DATA SHOWN section start

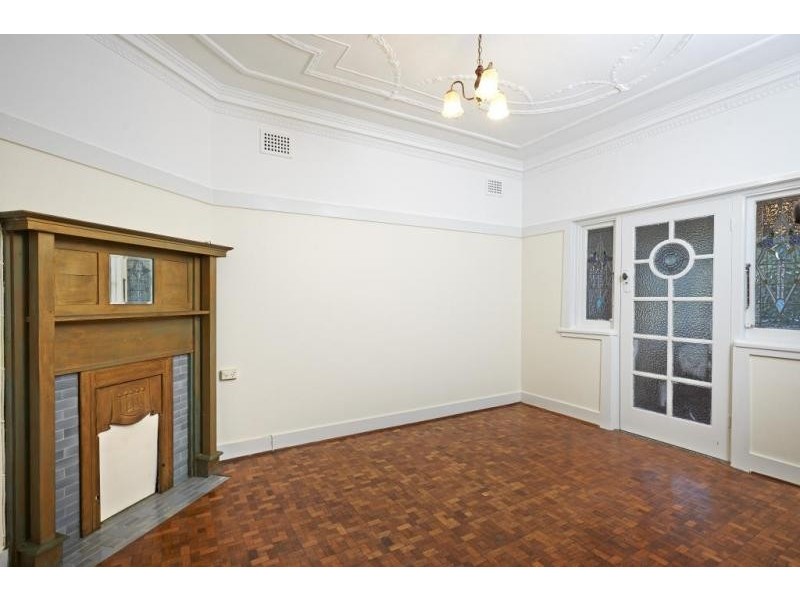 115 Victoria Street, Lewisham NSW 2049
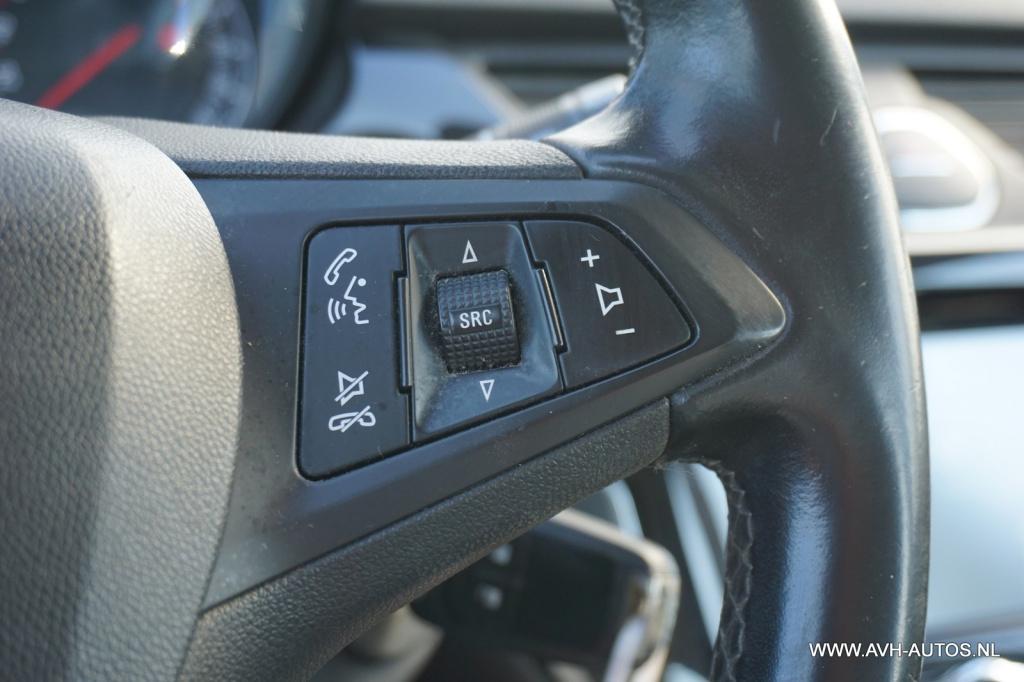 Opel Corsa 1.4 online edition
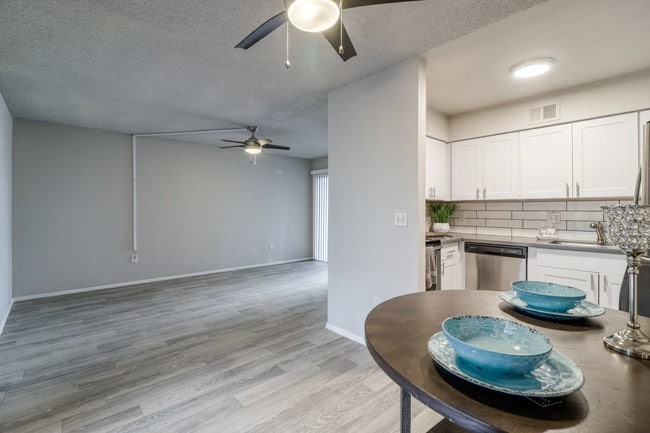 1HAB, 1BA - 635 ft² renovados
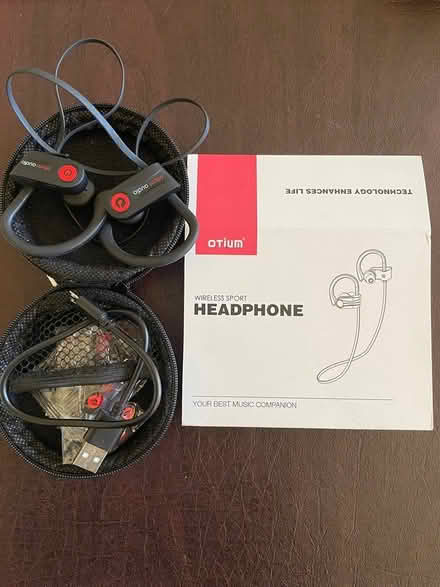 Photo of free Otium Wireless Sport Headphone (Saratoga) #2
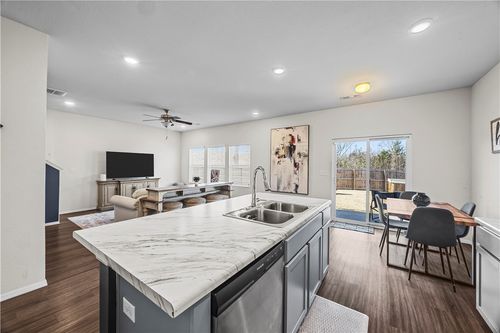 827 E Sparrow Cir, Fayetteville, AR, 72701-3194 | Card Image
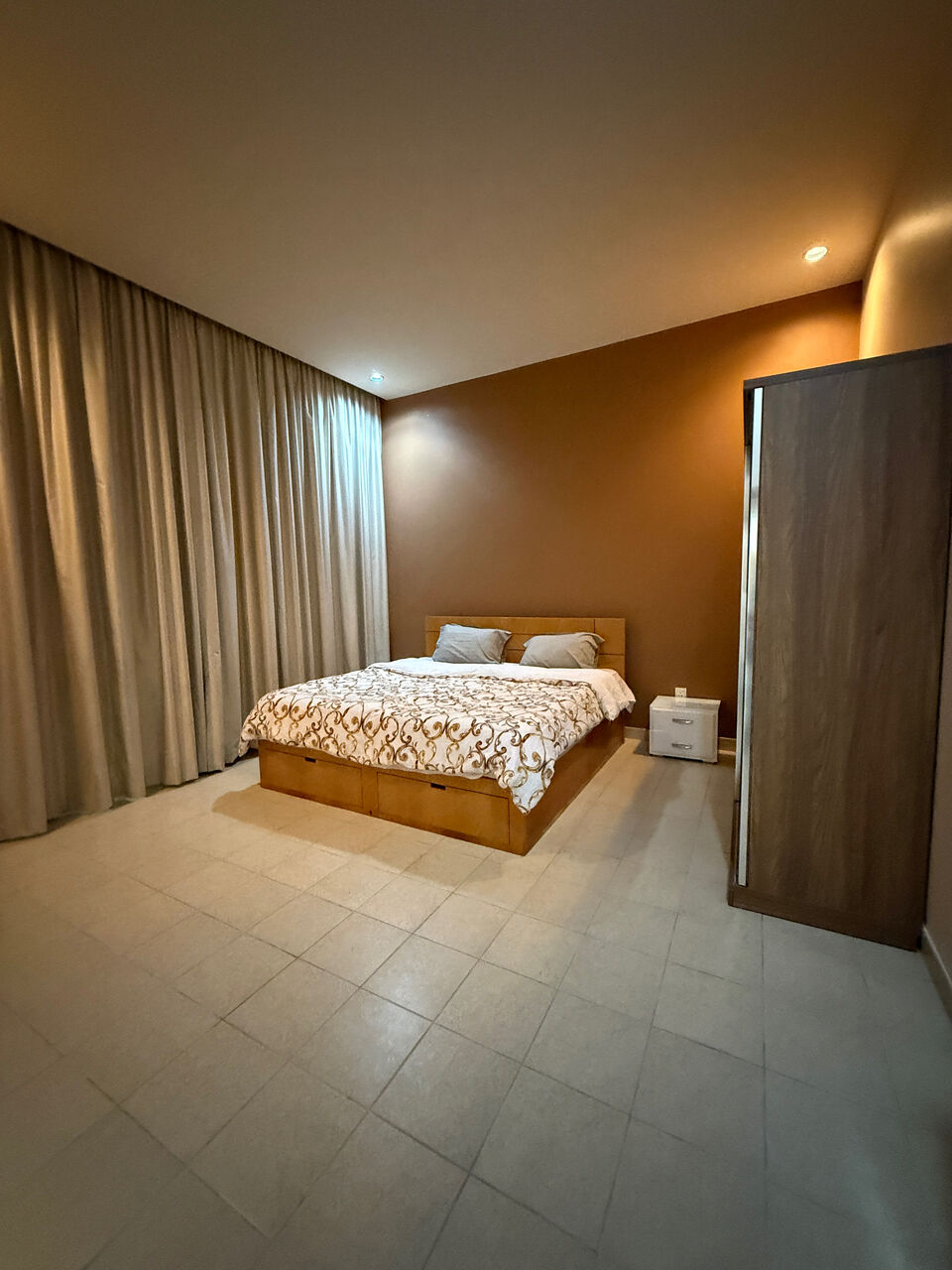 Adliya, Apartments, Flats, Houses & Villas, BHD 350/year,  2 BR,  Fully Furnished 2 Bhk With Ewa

DATA SHOWN section end

INSTRUCTIONS FOR THE TASK
Every line of the data above should be quoted exactly. Omit the pictures.

ANSWER SECTION
 115 Victoria Street, Lewisham NSW 2049
 Opel Corsa 1.4 online edition
 1HAB, 1BA - 635 ft² renovados
 Photo of free Otium Wireless Sport Headphone (Saratoga) #2
 827 E Sparrow Cir, Fayetteville, AR, 72701-3194 | Card Image
 Adliya, Apartments, Flats, Houses & Villas, BHD 350/year,  2 BR,  Fully Furnished 2 Bhk With Ewa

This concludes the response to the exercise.